__What is expected__.
Repeat the data below exactly, dropping any pictures it holds.

__Information shown__.
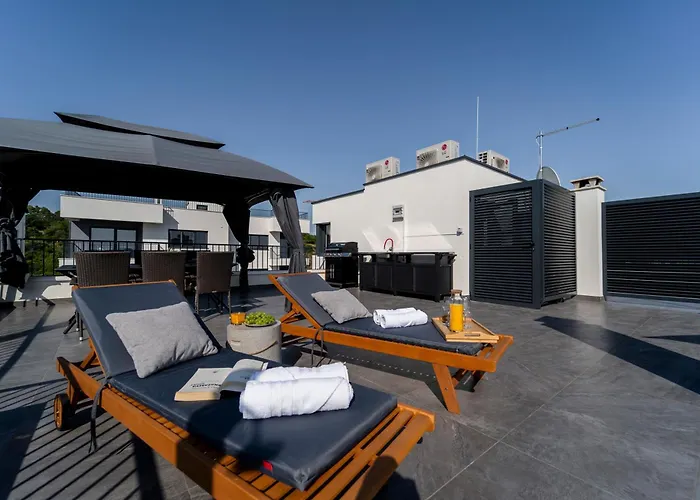 Апартаменты Skyline Retreat *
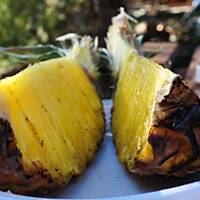 Grillowany ananas z rumem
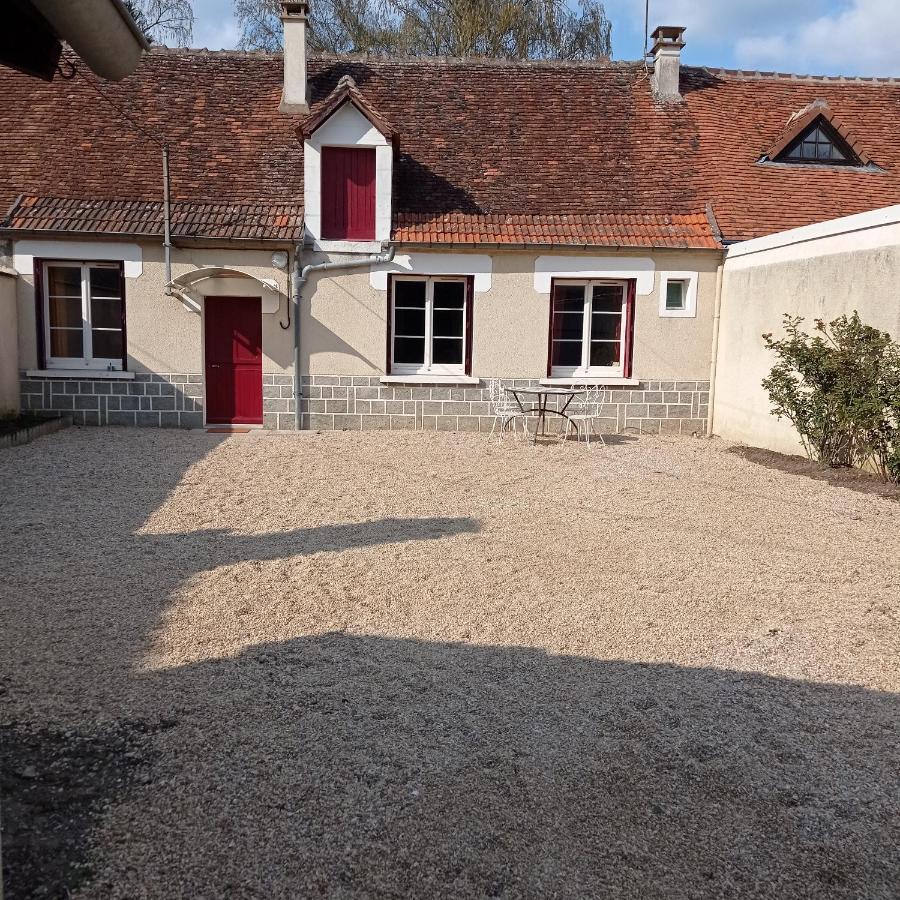 Gite De La Clavette Gièvres Exteriör bild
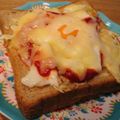 みゆwaco 's cooksnap of when they made とろ〜りハムエッグで キャベツトースト.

__Answer__.
 Апартаменты Skyline Retreat *
 Grillowany ananas z rumem
 Gite De La Clavette Gièvres Exteriör bild
 みゆwaco 's cooksnap of when they made とろ〜りハムエッグで キャベツトースト.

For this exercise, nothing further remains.